We are getting married in a Korean wedding hall. In Korea. In two weeks. Korean wedding halls are characterized by the speediest weddings outside of actual shotgun weddings and Las Vegas elopements; the average is one hour total for ceremony and reception/meal but I’ve gotten out of weddings in under forty minutes. In Korean wedding halls, the most gaudy parts of a “Western-style, fairy-tale” white wedding (dry ice fog included) are overlaid atop a fundamentally Korean structure—your parents and your resume are the star of the show. Seriously, the wedding speech is usually given by your professor or boss and the most fun you’ll have is dodging the chestnuts and dates your parents throw at you in an attempt to encourage you to procreate.

The best insight I can share into the Westernized East Asian wedding is a description of the cake cutting ceremony as interpreted in 1970s Japan. The towering wedding cake is turned into a fake plastic simulacrum, with a slot in which the bride and groom place their knife and pose smiling. The platform they are standing on rotates 180 degrees so attendees can take photos of them from convenient angles. It is a photo op, no bones about it. As such, the Western white wedding in East Asia is at least another puzzling level removed from whatever these symbols (cake, veil, etc.) have traditionally meant in the UK or the US. It is a performance of a wedding.

For a while I mourned the fact that holding our wedding in a Korean wedding hall in Korea leaves little room for individuality and personality. This means the predominant meaning attached to our wedding will be “we’re getting married.” There will be no quirky centerpieces that illustrate some inside joke from our courtship. There are no letterpressed invitations or cleverly upcycled RSVP cards, just a bilingual invitation ordered from the nearest print shop in my parents’ Seoul neighborhood. No one will walk into the reception and think, “Oh, that’s so them!” when they see the decorations. Oh sure, it’s on the campus of the university we met at eight years ago, and the venue is not one of those ten-story wedding hall behemoths that have thirty ceremonies conducted simultaneously in fifteen-minute increments. But our wedding will definitely come with cookie-cutter edges.

A Korean wedding is a buffet wedding (don’t get me started on the increasing popularity of the sit-down hotel wedding in Seoul). There are no tastings to decide exactly what combination of meat-and-veg we want to feed to our friends and family. At the venue we’ve picked, there are eighty-eight items in the most expensive version of the wedding buffet (including salad dressings and several varieties of kimchi) and there are no substitutions. There is no agonizing over guest lists and seating charts because there are no RSVPs necessary for a wedding hall wedding. It’s free-for-all seating and some guests never bother to come to the ceremony and just head straight for the buffet and chitchat.

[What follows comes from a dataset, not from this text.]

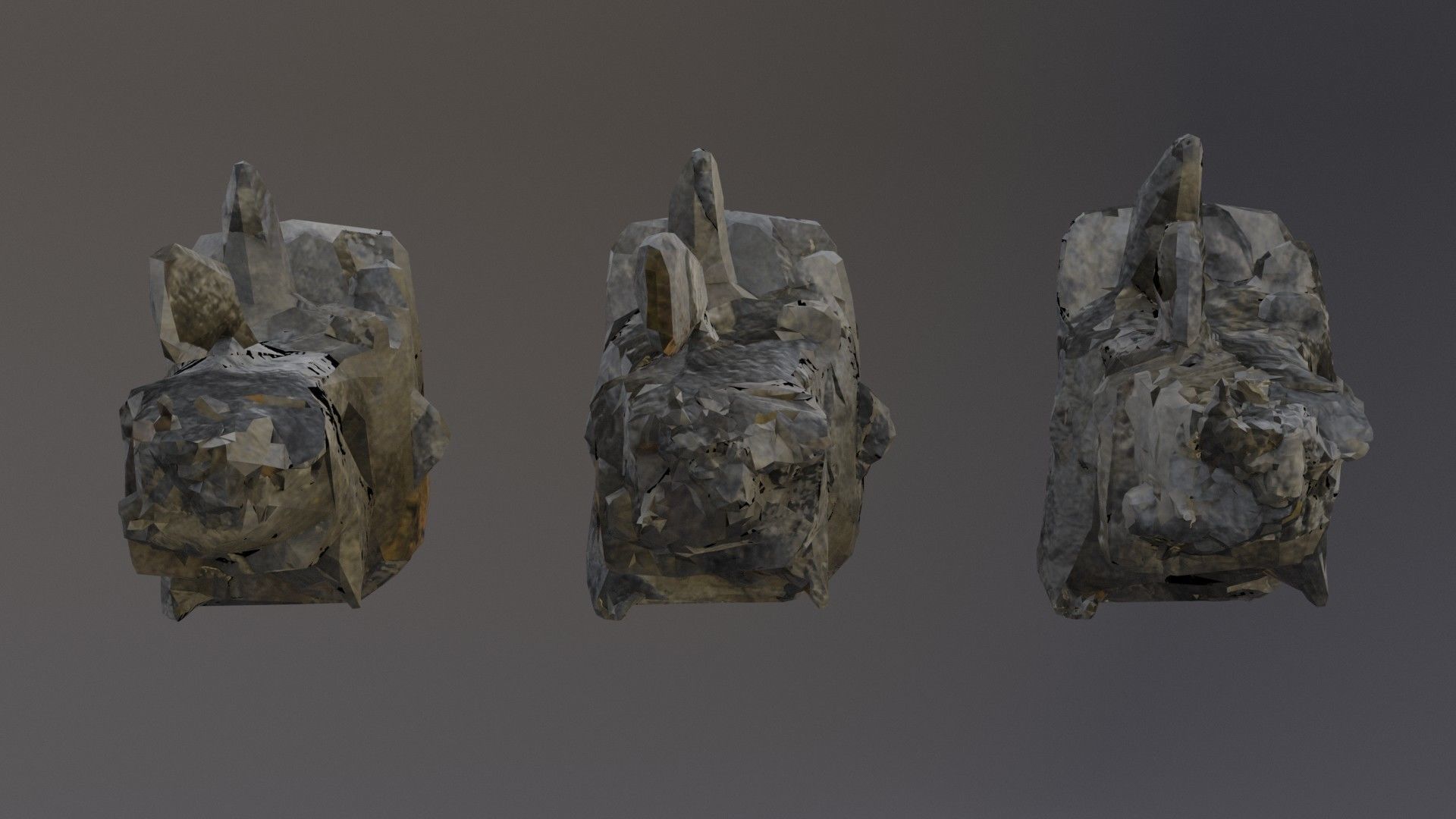 Low Poly Cliff Rock Set For Games Low-poly 3D model_38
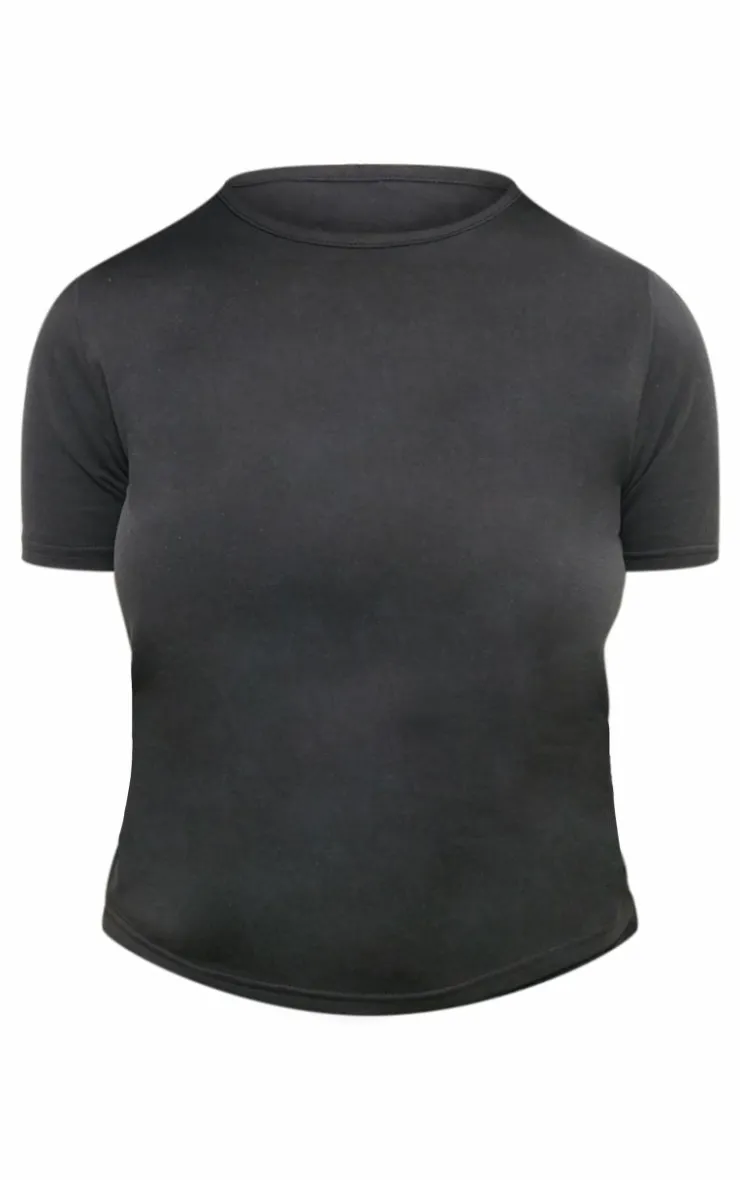 PrettyLittleThing T-Shirts*Black Premium Cotton Cap Sleeve T Shirt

There will be a rented wedding dress and a rented tux and a photographer who will make sure that all of our relatives are smashed into one giant group shot, but that photographer will not take any atmospheric shots of me gazing through gauzy windows, nor will he take any close-ups of my stiletto sandals. There will be no stiletto sandals, in fact. Also there will be no veil and no tiara, but that might be the only “I want this to represent me” hill I am willing to die on. I am not a princess, no matter what my loving father calls his only child.

We don’t get to embody our values in the sustainably sourced guest favors, exercise our design aesthetic in floral and fried chicken arrangements, or even indulge in the opportunity to bring beautiful objects into our lives because, “Hey, it’s a wedding.” I don’t get to binge on Pinterest or spend a weekend looking at every single item tagged “bridal” on Etsy—well maybe I did spend a Saturday, or two looking. Our wedding won’t be memorable for its visuals or victuals. Our theme is “we’re lazy.” But I got to spend the months leading up to my wedding not worrying about anything more substantive than making sure we emailed all our friends who aren’t on Facebook the link to our wedding site.

Now that it’s two weeks out and we have yet to resize the rings (“With this high-five, I thee wed?”) or plan an after-party (we’ll probably order some Korean fried chicken for delivery) I worry a bit that we took too much of a lackadaisical approach. And then I think nah, this is my dream wedding. Because it’s fourteen days out and my biggest worry is if I’ll finish my grad school homework before we get on the plane to Seoul.